Born in Taiwan, Ms Chen emigrated to the United States with her family in 1980, where she continued her musical studies with Eduardo Delgado, Robert Turner, and Aube Tzerko. She received her Bachelor and Master of Music degrees from the Juilliard School. While in New York, her teachers were Martin Canin, Byron Janis and Yin Cheng-Zong.
At the age of twelve, she was the First Prize winner of the 50-State National Piano Competition of the Music Teachers’ National Association. Three years later, she won the National Competition again, setting a record by winning both the Junior High and Senior High Competitions. Ms. Chen continued by taking the Grand Prize in the International Recording Piano Competition, competing in the college division when she was only in high school.
At the age of nineteen, she was a finalist in the 1990 Tchaikovsky International Piano Competition in Moscow where she was awarded the “Best Lady Prize” for being the only female finalist. In 1992, she was the Bronze Medalist at the Prokofieff International Piano Competition in St. Petersburg, Russia. In 1991, Ms. Chen took First Prize at the Thomas Richner International Piano Competition in New York and in 1999 she was the Grand Prize winner at the International Web Concert Audition Competition, also in New York. As the Grand Prize winner of the Young Keyboard Artists National Piano Competition during her senior year of high school, she won a grand piano.

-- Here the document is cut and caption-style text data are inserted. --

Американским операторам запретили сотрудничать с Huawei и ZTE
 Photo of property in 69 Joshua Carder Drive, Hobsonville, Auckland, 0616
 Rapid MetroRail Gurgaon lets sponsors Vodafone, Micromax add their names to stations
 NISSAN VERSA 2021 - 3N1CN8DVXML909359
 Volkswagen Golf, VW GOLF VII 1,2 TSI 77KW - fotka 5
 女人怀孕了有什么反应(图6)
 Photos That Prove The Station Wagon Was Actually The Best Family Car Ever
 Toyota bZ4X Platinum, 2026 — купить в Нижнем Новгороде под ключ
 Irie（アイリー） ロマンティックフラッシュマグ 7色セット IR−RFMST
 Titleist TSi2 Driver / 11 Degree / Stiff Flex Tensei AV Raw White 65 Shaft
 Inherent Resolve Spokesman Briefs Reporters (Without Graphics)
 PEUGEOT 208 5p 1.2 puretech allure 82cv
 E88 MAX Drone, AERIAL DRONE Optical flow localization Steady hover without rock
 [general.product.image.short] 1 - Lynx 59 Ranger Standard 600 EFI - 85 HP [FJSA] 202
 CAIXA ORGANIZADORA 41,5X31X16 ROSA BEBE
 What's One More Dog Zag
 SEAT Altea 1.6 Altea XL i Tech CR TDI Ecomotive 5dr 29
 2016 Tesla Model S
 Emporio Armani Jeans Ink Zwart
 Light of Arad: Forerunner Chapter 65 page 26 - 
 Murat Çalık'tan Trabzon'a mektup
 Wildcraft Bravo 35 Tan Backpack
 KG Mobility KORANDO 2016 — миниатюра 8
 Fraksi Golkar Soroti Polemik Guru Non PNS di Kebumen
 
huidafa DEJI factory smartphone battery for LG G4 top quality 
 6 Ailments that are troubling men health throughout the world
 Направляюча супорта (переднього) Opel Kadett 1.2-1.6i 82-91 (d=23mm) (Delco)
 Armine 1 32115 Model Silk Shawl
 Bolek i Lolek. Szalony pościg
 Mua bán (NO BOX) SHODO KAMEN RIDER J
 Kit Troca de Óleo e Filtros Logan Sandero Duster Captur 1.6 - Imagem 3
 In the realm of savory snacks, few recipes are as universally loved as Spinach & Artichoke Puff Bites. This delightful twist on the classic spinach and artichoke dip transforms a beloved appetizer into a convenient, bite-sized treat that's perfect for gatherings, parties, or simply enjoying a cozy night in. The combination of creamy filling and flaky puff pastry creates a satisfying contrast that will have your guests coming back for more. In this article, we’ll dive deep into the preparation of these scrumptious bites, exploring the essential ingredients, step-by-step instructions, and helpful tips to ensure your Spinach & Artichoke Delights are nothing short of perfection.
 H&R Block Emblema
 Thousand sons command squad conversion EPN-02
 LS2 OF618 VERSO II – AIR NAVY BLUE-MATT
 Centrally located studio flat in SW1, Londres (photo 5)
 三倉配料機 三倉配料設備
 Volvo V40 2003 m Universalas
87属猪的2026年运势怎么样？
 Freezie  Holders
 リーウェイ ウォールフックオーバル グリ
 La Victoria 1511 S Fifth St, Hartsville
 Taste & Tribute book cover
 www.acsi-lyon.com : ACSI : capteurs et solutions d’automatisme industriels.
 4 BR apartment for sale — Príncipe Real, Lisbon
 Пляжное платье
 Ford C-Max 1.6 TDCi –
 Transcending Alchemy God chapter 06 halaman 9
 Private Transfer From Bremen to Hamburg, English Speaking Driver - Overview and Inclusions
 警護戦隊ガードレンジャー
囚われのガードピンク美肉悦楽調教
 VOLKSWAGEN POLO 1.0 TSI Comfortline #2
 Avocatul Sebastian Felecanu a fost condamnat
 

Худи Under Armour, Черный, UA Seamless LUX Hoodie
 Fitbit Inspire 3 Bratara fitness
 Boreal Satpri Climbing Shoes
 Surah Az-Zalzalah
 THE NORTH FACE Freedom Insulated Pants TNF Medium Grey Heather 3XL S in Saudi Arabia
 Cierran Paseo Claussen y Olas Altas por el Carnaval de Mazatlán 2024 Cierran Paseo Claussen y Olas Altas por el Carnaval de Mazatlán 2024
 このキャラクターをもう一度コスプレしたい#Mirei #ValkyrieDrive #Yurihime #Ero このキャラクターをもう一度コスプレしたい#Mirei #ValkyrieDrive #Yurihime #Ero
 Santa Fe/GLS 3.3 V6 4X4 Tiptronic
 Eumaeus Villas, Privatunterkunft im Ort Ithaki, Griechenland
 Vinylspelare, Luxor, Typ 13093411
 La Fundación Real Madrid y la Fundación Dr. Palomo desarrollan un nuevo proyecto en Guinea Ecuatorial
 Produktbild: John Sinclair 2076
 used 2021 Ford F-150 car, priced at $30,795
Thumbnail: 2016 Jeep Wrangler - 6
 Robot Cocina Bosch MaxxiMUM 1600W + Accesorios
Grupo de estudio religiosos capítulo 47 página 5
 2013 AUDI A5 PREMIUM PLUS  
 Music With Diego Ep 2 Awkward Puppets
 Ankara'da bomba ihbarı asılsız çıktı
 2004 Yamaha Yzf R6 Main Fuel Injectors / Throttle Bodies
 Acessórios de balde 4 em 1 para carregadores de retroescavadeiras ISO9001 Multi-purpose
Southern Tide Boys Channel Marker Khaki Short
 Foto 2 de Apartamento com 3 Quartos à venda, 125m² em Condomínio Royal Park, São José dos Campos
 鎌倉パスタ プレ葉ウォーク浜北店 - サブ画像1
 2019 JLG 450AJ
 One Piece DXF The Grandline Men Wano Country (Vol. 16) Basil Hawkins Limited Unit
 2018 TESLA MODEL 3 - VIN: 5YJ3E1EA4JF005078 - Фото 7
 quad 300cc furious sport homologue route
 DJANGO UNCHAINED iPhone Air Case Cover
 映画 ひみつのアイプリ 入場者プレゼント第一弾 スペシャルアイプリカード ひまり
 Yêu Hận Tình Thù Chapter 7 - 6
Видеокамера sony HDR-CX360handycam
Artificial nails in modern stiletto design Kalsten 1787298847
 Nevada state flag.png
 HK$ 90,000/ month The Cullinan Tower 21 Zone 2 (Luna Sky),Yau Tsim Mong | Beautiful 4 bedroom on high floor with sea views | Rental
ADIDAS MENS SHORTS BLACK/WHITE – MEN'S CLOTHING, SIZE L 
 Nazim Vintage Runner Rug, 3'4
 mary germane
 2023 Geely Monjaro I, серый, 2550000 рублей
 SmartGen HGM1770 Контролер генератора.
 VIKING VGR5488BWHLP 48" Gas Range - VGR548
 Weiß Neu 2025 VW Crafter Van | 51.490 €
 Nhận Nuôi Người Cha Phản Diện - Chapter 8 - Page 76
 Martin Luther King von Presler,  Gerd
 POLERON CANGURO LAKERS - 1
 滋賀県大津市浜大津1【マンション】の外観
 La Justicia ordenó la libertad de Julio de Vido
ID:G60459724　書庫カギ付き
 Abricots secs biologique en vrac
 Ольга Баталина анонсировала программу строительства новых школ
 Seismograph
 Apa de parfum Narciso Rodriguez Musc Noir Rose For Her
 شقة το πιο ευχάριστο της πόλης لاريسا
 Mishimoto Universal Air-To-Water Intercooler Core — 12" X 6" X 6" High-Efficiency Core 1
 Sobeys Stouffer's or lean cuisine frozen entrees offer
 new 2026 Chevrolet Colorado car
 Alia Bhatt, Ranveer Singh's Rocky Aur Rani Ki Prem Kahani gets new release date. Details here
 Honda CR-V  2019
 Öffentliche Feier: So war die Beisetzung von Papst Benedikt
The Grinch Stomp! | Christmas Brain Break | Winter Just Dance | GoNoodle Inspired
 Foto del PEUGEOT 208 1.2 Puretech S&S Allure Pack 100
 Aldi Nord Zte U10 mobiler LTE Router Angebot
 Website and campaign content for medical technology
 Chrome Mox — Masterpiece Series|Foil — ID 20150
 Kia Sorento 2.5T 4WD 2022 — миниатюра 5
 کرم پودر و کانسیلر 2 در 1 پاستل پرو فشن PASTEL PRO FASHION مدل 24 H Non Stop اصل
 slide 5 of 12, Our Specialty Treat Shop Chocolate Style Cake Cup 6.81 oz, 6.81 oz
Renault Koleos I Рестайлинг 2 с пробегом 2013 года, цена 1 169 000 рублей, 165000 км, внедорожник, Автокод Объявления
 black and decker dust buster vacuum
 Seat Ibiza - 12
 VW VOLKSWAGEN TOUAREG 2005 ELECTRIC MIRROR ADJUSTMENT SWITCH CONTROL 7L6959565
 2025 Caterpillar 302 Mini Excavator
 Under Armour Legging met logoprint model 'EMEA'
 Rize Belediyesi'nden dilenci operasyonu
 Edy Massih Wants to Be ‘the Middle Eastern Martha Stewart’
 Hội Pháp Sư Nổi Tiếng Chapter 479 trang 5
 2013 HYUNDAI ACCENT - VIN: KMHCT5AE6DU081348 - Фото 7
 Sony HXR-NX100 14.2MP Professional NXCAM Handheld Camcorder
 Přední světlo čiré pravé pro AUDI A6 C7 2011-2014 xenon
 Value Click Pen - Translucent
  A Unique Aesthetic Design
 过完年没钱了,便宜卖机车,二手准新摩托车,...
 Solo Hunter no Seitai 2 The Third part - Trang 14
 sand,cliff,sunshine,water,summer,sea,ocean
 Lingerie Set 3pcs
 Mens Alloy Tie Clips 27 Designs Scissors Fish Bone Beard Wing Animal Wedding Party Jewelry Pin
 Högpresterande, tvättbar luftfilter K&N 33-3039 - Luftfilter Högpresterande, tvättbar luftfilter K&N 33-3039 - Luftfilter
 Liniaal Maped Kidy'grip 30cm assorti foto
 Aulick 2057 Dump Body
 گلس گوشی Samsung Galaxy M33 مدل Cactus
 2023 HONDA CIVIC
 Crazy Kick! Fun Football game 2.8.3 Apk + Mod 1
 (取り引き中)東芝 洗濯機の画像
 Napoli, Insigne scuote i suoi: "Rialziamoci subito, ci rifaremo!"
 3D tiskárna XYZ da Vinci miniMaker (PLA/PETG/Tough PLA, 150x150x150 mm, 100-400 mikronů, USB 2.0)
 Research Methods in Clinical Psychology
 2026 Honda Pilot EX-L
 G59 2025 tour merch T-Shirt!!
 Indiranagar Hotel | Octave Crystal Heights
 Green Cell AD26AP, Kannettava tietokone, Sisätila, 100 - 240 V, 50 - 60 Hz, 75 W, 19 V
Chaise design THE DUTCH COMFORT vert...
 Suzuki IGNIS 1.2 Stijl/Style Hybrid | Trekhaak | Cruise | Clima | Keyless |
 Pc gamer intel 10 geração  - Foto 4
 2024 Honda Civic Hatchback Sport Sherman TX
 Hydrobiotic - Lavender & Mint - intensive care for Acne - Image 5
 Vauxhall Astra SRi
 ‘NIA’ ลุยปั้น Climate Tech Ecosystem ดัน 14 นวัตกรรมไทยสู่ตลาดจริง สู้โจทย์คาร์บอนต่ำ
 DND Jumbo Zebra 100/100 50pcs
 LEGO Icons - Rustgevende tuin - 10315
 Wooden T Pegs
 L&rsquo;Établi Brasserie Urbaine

A leading Chinese musical figure, Ms. Gwhyneth Chen was included in the 1995 edition of the One Hundred Most Successful Chinese People and appeared in a nationally televised gala concert at the Presidential Palace in the presence of President Lee of Taiwan. In 2002, she was invited to perform and speak in Washington DC during First Lady Wu Shu-chen's Peace Journey to the United States. In 2008 she performed at the inaugural festivities for the newly elected President of Taiwan, Ma Ying-jeou.
Ms. Chen represented her country with the Taipei Symphony Orchestra under the direction of Lu Shao-chia, as "the Pride of Taiwan" in the opening concert at the National Grand Theatre ("Steel Egg") in Beijing, China, to celebrate the 2008 Olympics.
Ms. Chen's CD on the Chimei label, "Gwhyneth Chen: Chopin Favorites," celebrating Chopin's 200th anniversary, won "Best Performance" in the Golden Melody Awards in 2011.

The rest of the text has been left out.